Content starts

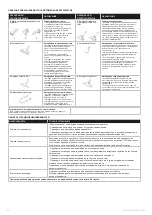 Preview for 68 page of Electrolux Pure C9 Instruction Book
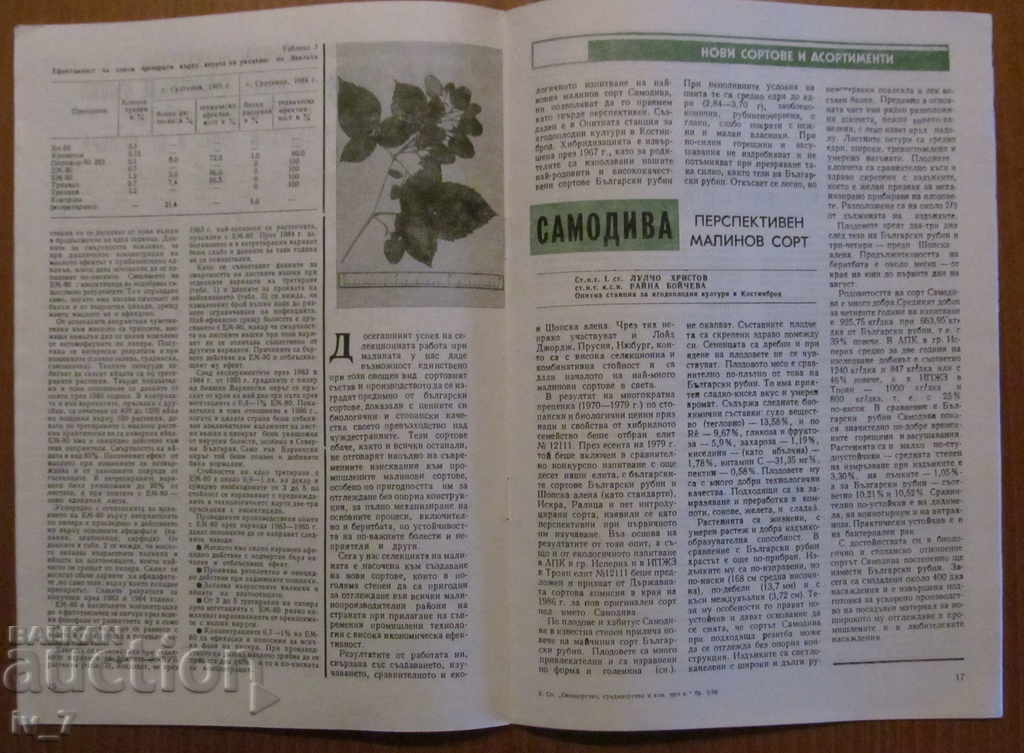 Delivery of MAGAZINE-FRUIT GROWING, GARDENING AND CANNING INDUSTRY-BR 5,1988 Delivery of MAGAZINE-FRUIT GROWING, GARDENING AND CANNING INDUSTRY-BR 5,1988
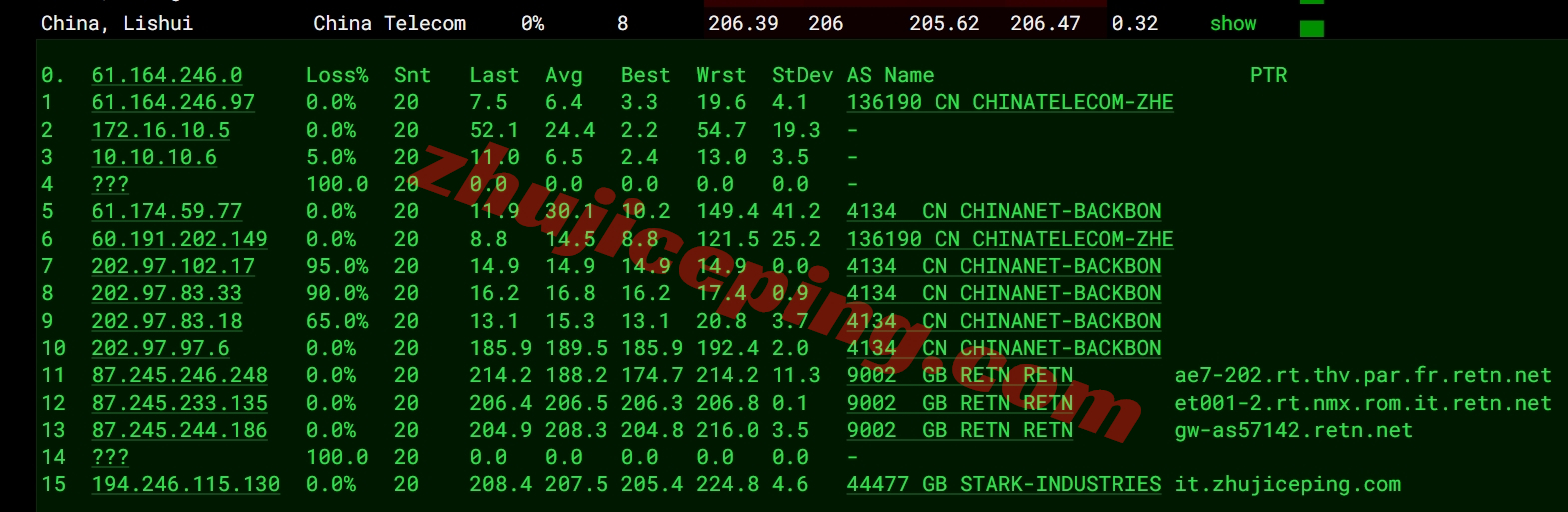 pqit13 the.hosting怎么样？意大利VPS详细测评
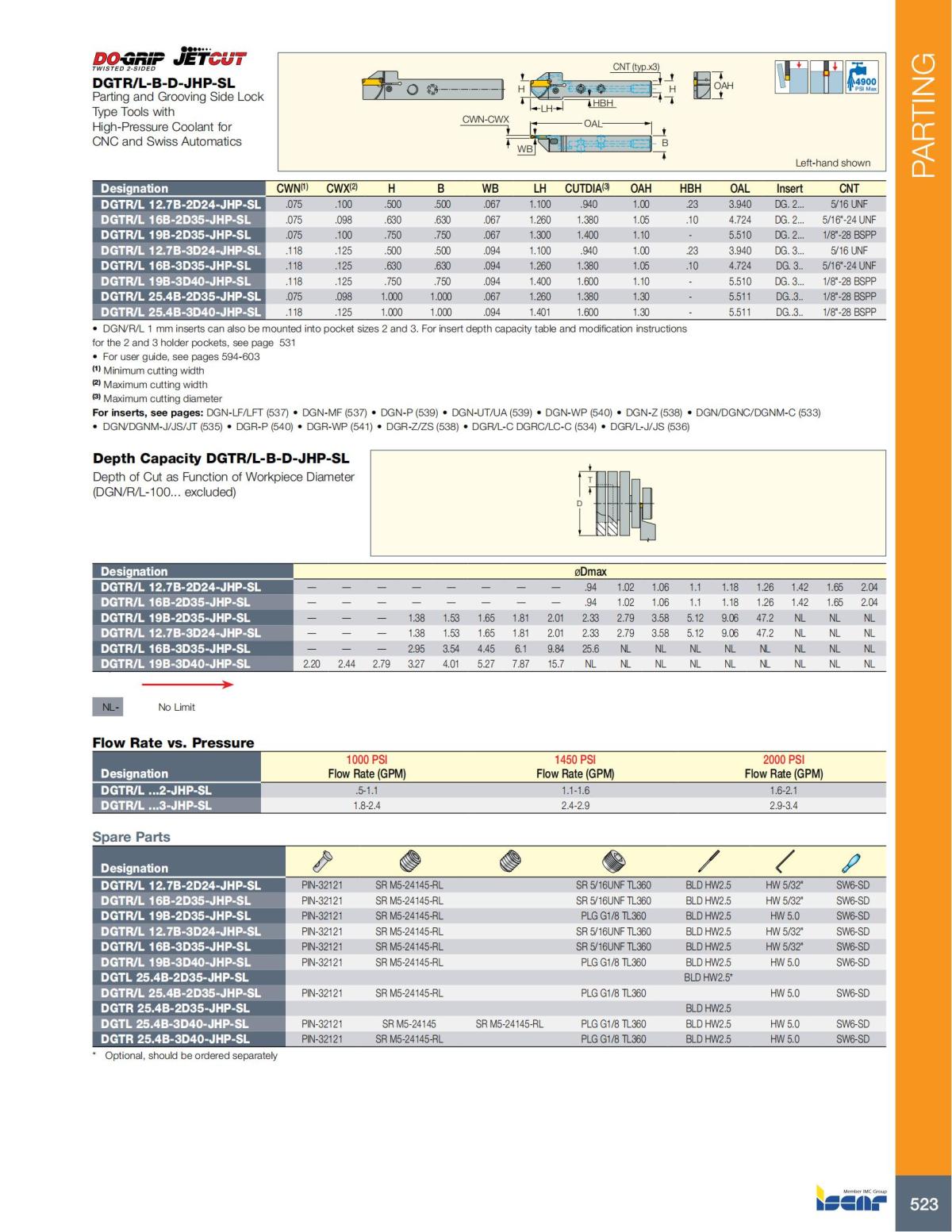 Turning catalog INCH 2022_LR_P509-690_14.jpg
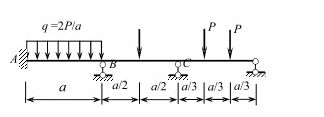 图示连续梁截面的极限弯矩为Mu，极限荷载Fu为______。 
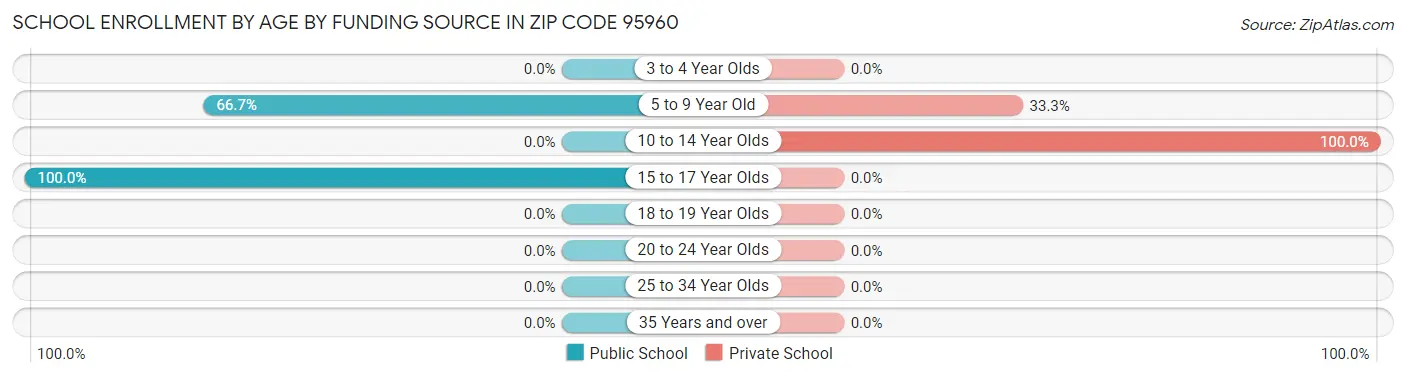 School Enrollment by Age by Funding Source in Zip Code 95960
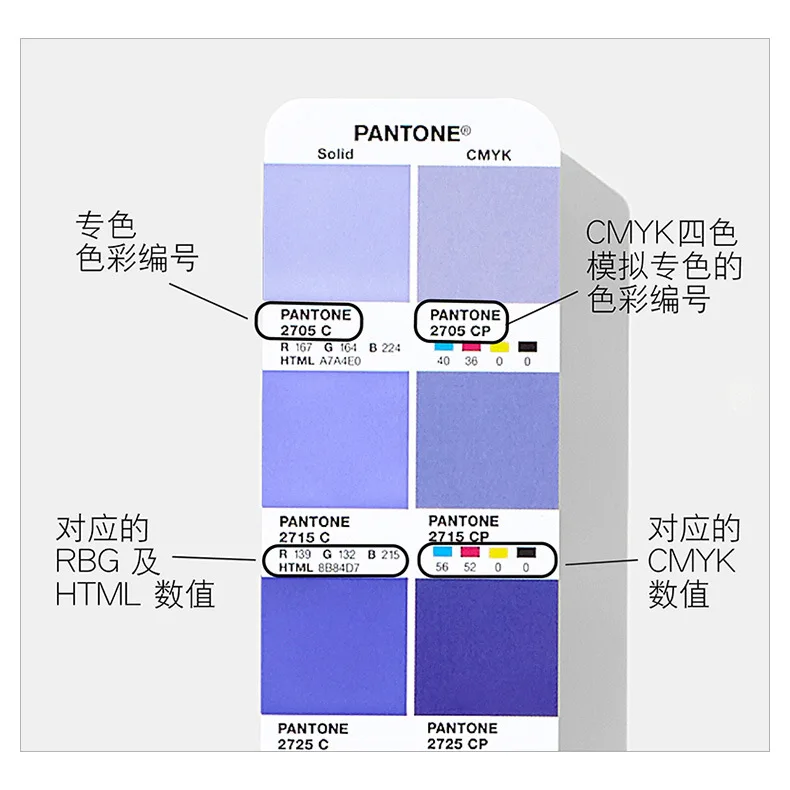 Новое издание Pantone GP6102A с покрытием и без покрытия Набор цветных мостов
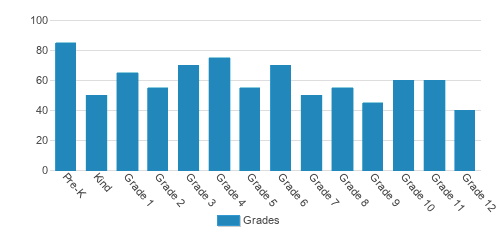 Le Lycee Francais de Los Angeles Student By Grade Le Lycee Francais de Los Angeles Student By Grade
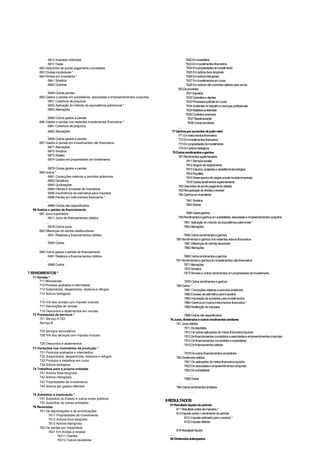 Comissão Executiva
6812 Impostos indirectos: 7622Eminventários
6813 Taxas 7623Eminvestimentosfinanceiros
682 Descontos de pronto pagamento concedidos
683 Dívidas incobráveis *
684 Perdas em inventários *
6841 Sinistros
6842 Quebras
7624Empropriedadesdeinvestimento
7625Emactivosfixostangíveis
7626Emactivosintangíveis
7627Eminvestimentosemcurso
7628Emactivosnãocorrentesdetidosparavenda
  763Deprovisões
6848 Outras perdas
685 Gastos e perdas em subsidiárias, associadas e empreendimentos conjuntos
6851 Cobertura de prejuízos
6852 Aplicação do método da equivalência patrimonial *
6853 Alienações
7631Impostos
7632Garantiasaclientes
7633Processosjudiciaisemcurso
7634Acidentesnotrabalhoedoençasprofissionais
7635Matériasambientais
  7636Contratosonerosos
6858 Outros gastos e perdas
686 Gastos e perdas nos restantes investimentos financeiros *
6861 Cobertura de prejuízos 
7637Reestruturação
7638Outrasprovisões
6862 Alienações 77Ganhosporaumentosdejustovalor
  771Eminstrumentosfinanceiros
6868 Outros gastos e perdas
687 Gastos e perdas em investimentos não financeiros
6871 Alienações
6872 Sinistros
6873 Abates
6874 Gastos em propriedades de investimento
772Eminvestimentosfinanceiros
773Empropriedadesdeinvestimento
774Emactivosbiológicos
78Outrosrendimentoseganhos
781Rendimentossuplementares
7811Serviçossociais
  7812Aluguerdeequipamento
6878 Outras gastos e perdas
688 Outros *
6881 Correcções relativas a períodos anteriores
6882 Donativos
6883 Quotizações
6884 Ofertas e amostras de inventários
6885 Insuficiência da estimativa para impostos
6886 Perdas em instrumentos financeiros *
7813Estudos,projectoseassistênciatecnológica
7814Royalties
7815Desempenhodecargossociaisnoutrasempresas
7816Outrosrendimentossuplementares
782Descontosdeprontopagamentoobtidos
783Recuperaçãodedívidasareceber
784Ganhoseminventários
  7841Sinistros
6888 Outros não especificados
69 Gastos e perdas de financiamento
691 Juros suportados
6911 Juros de financiamentos obtidos
7842Sobras

7848Outrosganhos
785Rendimentoseganhosemsubsidiárias,associadaseempreendimentosconjuntos
  7851Aplicaçãodométododaequivalênciapatrimonial *
6918 Outros juros 7852Alienações
692 Diferenças de câmbio desfavoráveis  
6921 Relativas a financiamentos obtidos 7858Outrosrendimentoseganhos
  786 Rendimentoseganhosnosrestantesactivosfinanceiros

6928 Outras

7861Diferençasdecâmbiofavoráveis
7862Alienações
698 Outros gastos e perdas de financiamento  
6981 Relativos a financiamentos obtidos 7868Outrosrendimentoseganhos
  787 Rendimentoseganhoseminvestimentosnãofinanceiros
6988 Outros 7871Alienações
7872Sinistros
7 RENDIMENTOS * 7873Rendaseoutrosrendimentos empropriedadesdeinvestimento
71 Vendas *  
711 Mercadorias
712 Produtos acabados e intermédios
713 Subprodutos, desperdícios, resíduos e refugos
714 Activos biológicos
... ...
716 IVA das vendas com imposto incluído
717 Devoluções de vendas
7878Outrosrendimentoseganhos
788Outros*
7881Correcçõesrelativasaperíodosanteriores
7882Excessodaestimativaparaimpostos
7883Imputaçãode subsídiosparainvestimentos
7884Ganhosemoutrosinstrumentosfinanceiros *
7885Restituiçãodeimpostos
718 Descontos e abatimentos em vendas  
72 Prestações de serviços *
721 Serviço A 722
Serviço B
... 
725 Serviços secundários
726 IVA dos serviços com imposto incluído
... 
728 Descontos e abatimentos
7888Outrosnãoespecificados
79Juros,dividendoseoutrosrendimentossimilares
791Jurosobtidos
7911Dedepósitos
7912Deoutrasaplicaçõesde meiosfinanceirosliquídos
7913Definanciamentosconcedidosaassociadaseempreendimentosconjuntos
7914Definanciamentosconcedidosasubsidiárias
7915Definanciamentosobtidos
73 Variações nos inventários da produção *  
731 Produtos acabados e intermédios
732 Subprodutos, desperdícios, resíduos e refugos
733 Produtos e trabalhos em curso
734 Activos biológicos
74 Trabalhos para a própria entidade
741 Activos fixos tangíveis
742 Activos intangíveis
7918Deoutrosfinanciamentosconcedidos
792Dividendosobtidos
7921Deaplicaçõesdemeiosfinanceirosliquidos
7922Deassociadaseempreendimentosconjuntos
7923Desubsidiárias

7928Outras
743 Propriedades de investimento  
744 Activos por gastos diferidos 798Outrosrendimentossimilares
  
75 Subsídios à exploração *
751 Subsídios do Estado e outros entes públicos
752 Subsídios de outras entidades
76 Reversões
761 De depreciações e de amortizações
7611 Propriedades de investimento
7612 Activos fixos tangíveis
7613 Activos intangíveis
762 De perdas por imparidade
7621 Em dívidas a receber
76211 Clientes
76212 Outros devedores
8RESULTADOS
81Resultadolíquidodoperíodo
811Resultadoantesdeimpostos*
812Impostosobreorendimentodoperíodo
8121Impostoestimadoparaoperíodo*
8122Impostodiferido

818Resultadolíquido

89Dividendosantecipados
 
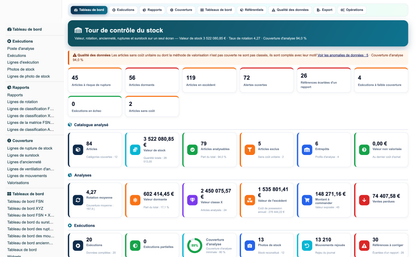 Advanced Inventory Reports Pro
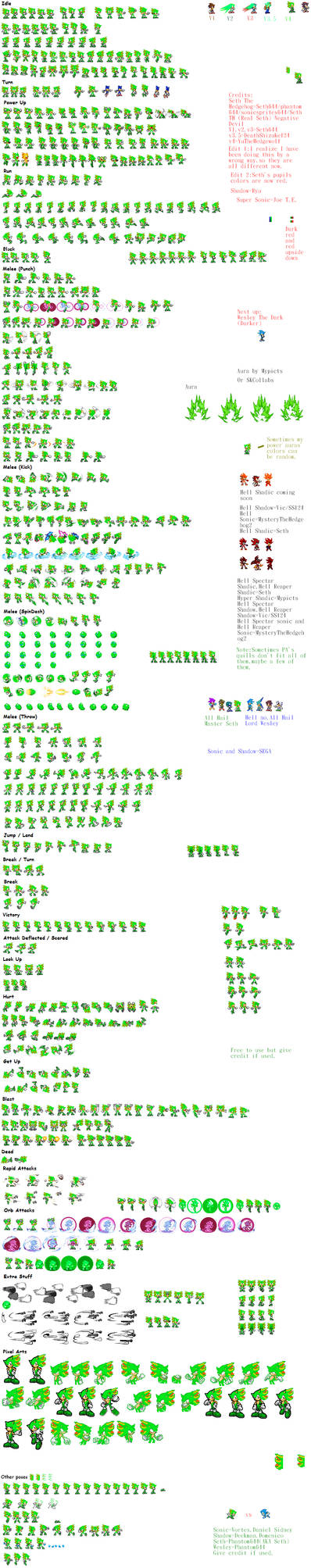 Seth v4 sprites sheet 100% completed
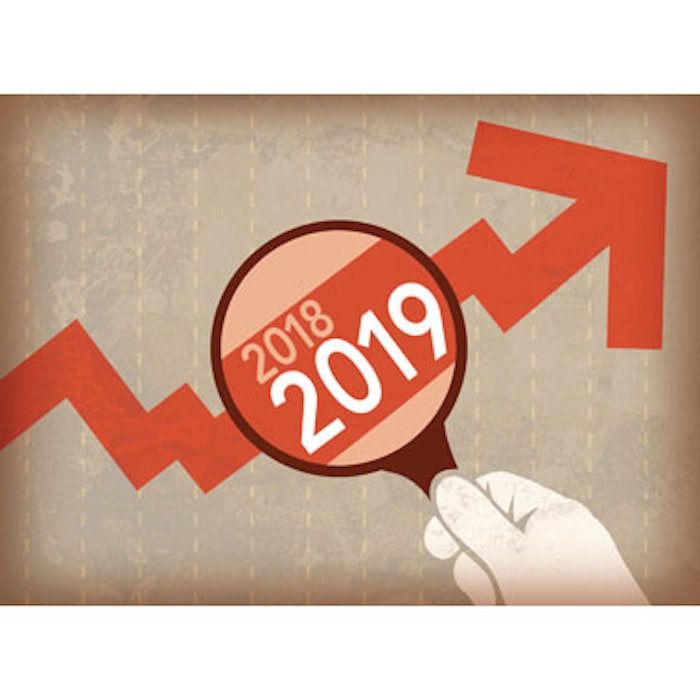 How to create an annual marketing plan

Content ends

Requirement. Return the full listing exactly as written, without any of its images.

Answer for the task.
 Preview for 68 page of Electrolux Pure C9 Instruction Book
 Delivery of MAGAZINE-FRUIT GROWING, GARDENING AND CANNING INDUSTRY-BR 5,1988 Delivery of MAGAZINE-FRUIT GROWING, GARDENING AND CANNING INDUSTRY-BR 5,1988
 pqit13 the.hosting怎么样？意大利VPS详细测评
 Turning catalog INCH 2022_LR_P509-690_14.jpg
 图示连续梁截面的极限弯矩为Mu，极限荷载Fu为______。 
 School Enrollment by Age by Funding Source in Zip Code 95960
 Новое издание Pantone GP6102A с покрытием и без покрытия Набор цветных мостов
 Le Lycee Francais de Los Angeles Student By Grade Le Lycee Francais de Los Angeles Student By Grade
 Comissão Executiva
6812 Impostos indirectos: 7622Eminventários
6813 Taxas 7623Eminvestimentosfinanceiros
682 Descontos de pronto pagamento concedidos
683 Dívidas incobráveis *
684 Perdas em inventários *
6841 Sinistros
6842 Quebras
7624Empropriedadesdeinvestimento
7625Emactivosfixostangíveis
7626Emactivosintangíveis
7627Eminvestimentosemcurso
7628Emactivosnãocorrentesdetidosparavenda
  763Deprovisões
6848 Outras perdas
685 Gastos e perdas em subsidiárias, associadas e empreendimentos conjuntos
6851 Cobertura de prejuízos
6852 Aplicação do método da equivalência patrimonial *
6853 Alienações
7631Impostos
7632Garantiasaclientes
7633Processosjudiciaisemcurso
7634Acidentesnotrabalhoedoençasprofissionais
7635Matériasambientais
  7636Contratosonerosos
6858 Outros gastos e perdas
686 Gastos e perdas nos restantes investimentos financeiros *
6861 Cobertura de prejuízos 
7637Reestruturação
7638Outrasprovisões
6862 Alienações 77Ganhosporaumentosdejustovalor
  771Eminstrumentosfinanceiros
6868 Outros gastos e perdas
687 Gastos e perdas em investimentos não financeiros
6871 Alienações
6872 Sinistros
6873 Abates
6874 Gastos em propriedades de investimento
772Eminvestimentosfinanceiros
773Empropriedadesdeinvestimento
774Emactivosbiológicos
78Outrosrendimentoseganhos
781Rendimentossuplementares
7811Serviçossociais
  7812Aluguerdeequipamento
6878 Outras gastos e perdas
688 Outros *
6881 Correcções relativas a períodos anteriores
6882 Donativos
6883 Quotizações
6884 Ofertas e amostras de inventários
6885 Insuficiência da estimativa para impostos
6886 Perdas em instrumentos financeiros *
7813Estudos,projectoseassistênciatecnológica
7814Royalties
7815Desempenhodecargossociaisnoutrasempresas
7816Outrosrendimentossuplementares
782Descontosdeprontopagamentoobtidos
783Recuperaçãodedívidasareceber
784Ganhoseminventários
  7841Sinistros
6888 Outros não especificados
69 Gastos e perdas de financiamento
691 Juros suportados
6911 Juros de financiamentos obtidos
7842Sobras

7848Outrosganhos
785Rendimentoseganhosemsubsidiárias,associadaseempreendimentosconjuntos
  7851Aplicaçãodométododaequivalênciapatrimonial *
6918 Outros juros 7852Alienações
692 Diferenças de câmbio desfavoráveis  
6921 Relativas a financiamentos obtidos 7858Outrosrendimentoseganhos
  786 Rendimentoseganhosnosrestantesactivosfinanceiros

6928 Outras

7861Diferençasdecâmbiofavoráveis
7862Alienações
698 Outros gastos e perdas de financiamento  
6981 Relativos a financiamentos obtidos 7868Outrosrendimentoseganhos
  787 Rendimentoseganhoseminvestimentosnãofinanceiros
6988 Outros 7871Alienações
7872Sinistros
7 RENDIMENTOS * 7873Rendaseoutrosrendimentos empropriedadesdeinvestimento
71 Vendas *  
711 Mercadorias
712 Produtos acabados e intermédios
713 Subprodutos, desperdícios, resíduos e refugos
714 Activos biológicos
... ...
716 IVA das vendas com imposto incluído
717 Devoluções de vendas
7878Outrosrendimentoseganhos
788Outros*
7881Correcçõesrelativasaperíodosanteriores
7882Excessodaestimativaparaimpostos
7883Imputaçãode subsídiosparainvestimentos
7884Ganhosemoutrosinstrumentosfinanceiros *
7885Restituiçãodeimpostos
718 Descontos e abatimentos em vendas  
72 Prestações de serviços *
721 Serviço A 722
Serviço B
... 
725 Serviços secundários
726 IVA dos serviços com imposto incluído
... 
728 Descontos e abatimentos
7888Outrosnãoespecificados
79Juros,dividendoseoutrosrendimentossimilares
791Jurosobtidos
7911Dedepósitos
7912Deoutrasaplicaçõesde meiosfinanceirosliquídos
7913Definanciamentosconcedidosaassociadaseempreendimentosconjuntos
7914Definanciamentosconcedidosasubsidiárias
7915Definanciamentosobtidos
73 Variações nos inventários da produção *  
731 Produtos acabados e intermédios
732 Subprodutos, desperdícios, resíduos e refugos
733 Produtos e trabalhos em curso
734 Activos biológicos
74 Trabalhos para a própria entidade
741 Activos fixos tangíveis
742 Activos intangíveis
7918Deoutrosfinanciamentosconcedidos
792Dividendosobtidos
7921Deaplicaçõesdemeiosfinanceirosliquidos
7922Deassociadaseempreendimentosconjuntos
7923Desubsidiárias

7928Outras
743 Propriedades de investimento  
744 Activos por gastos diferidos 798Outrosrendimentossimilares
  
75 Subsídios à exploração *
751 Subsídios do Estado e outros entes públicos
752 Subsídios de outras entidades
76 Reversões
761 De depreciações e de amortizações
7611 Propriedades de investimento
7612 Activos fixos tangíveis
7613 Activos intangíveis
762 De perdas por imparidade
7621 Em dívidas a receber
76211 Clientes
76212 Outros devedores
8RESULTADOS
81Resultadolíquidodoperíodo
811Resultadoantesdeimpostos*
812Impostosobreorendimentodoperíodo
8121Impostoestimadoparaoperíodo*
8122Impostodiferido

818Resultadolíquido

89Dividendosantecipados
 
 Advanced Inventory Reports Pro
 Seth v4 sprites sheet 100% completed
 How to create an annual marketing plan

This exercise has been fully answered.